At school, Samy loved solving problems and found that mathematics helped her to do that. After school she knew she wanted to continue solving problems – but wasn’t sure exactly what.

Samy Movassaghi is a Wearable Technology expert with CSIRO’s Data61 team. She dreams of a world in the future where inter-connected devices, called Wireless Body Area Networks (WBAN), can help people live longer and healthier lives. STEM has given her the skills to develop technology solutions that will help make that dream a reality.

[Music plays and images move through of a rear then facing view of Samy moving along and then the image changes to show Samy talking to the camera and text appears: Samy Movassaghi, Wearable technology expert]

Samy Movassaghi: I see STEM in the world around me all the time and I find that really inspiring.

[Image changes to show a rear view of Samy talking to a male colleague and then the image changes to show a facing view of Samy]

When I was at school I really had a passion for mathematics.

[Image changes to show a side view of the male colleague]

I just liked the challenge of finding an answer.

[Images move through of Samy walking past the camera, talking on the phone, a diagram on Samy’s computer desktop and her fingers typing on her laptop keyboard]

I knew after school, I wanted to do something in engineering. Something based around solving problems, finding answers.

[Image changes to show Samy wearing a pair of goggles and then the image changes to show Samy looking up and then the image changes to show the sunshine behind Samy]

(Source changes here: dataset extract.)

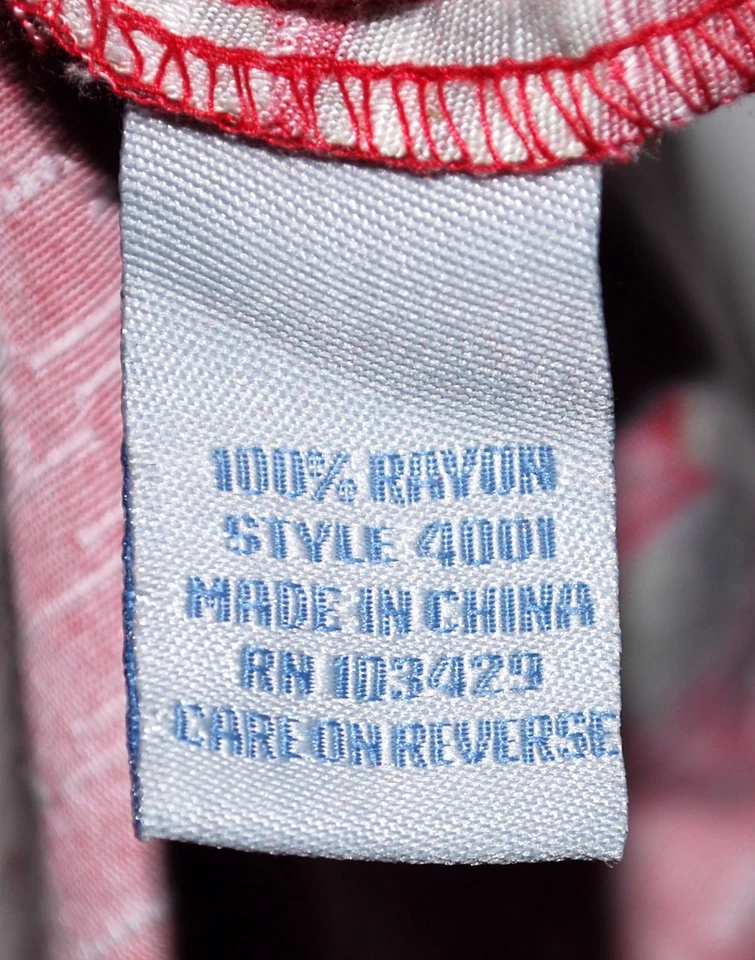 Half Moon Bay Hawaiian Red with Beige Hibiscus Flowers Rayon Mens Shirt Size L - Image 4 of 4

As a person living in a connected world, I’m always wondering if there’s a better way to solve all the problems and as a scientist I have the capability to create new solutions to some of our most troubling issues.

[Images flash through of Samy and another female looking at a wearable, Samy talking to the female and then Samy talking to the camera]

What I love about Wearables is that it gives us a sense of self awareness to manage our health and wellbeing and lifestyle.

[Image changes to show a wearable device being operated and then the image changes to show Samy looking at and operating the wearable device]

Think Fitbits and Smartwatches only with ability to connect and monitor health on a much greater scale.

[Image changes to show Samy looking through a type of goggles and then the image changes to show Samy working on a large Smartboard]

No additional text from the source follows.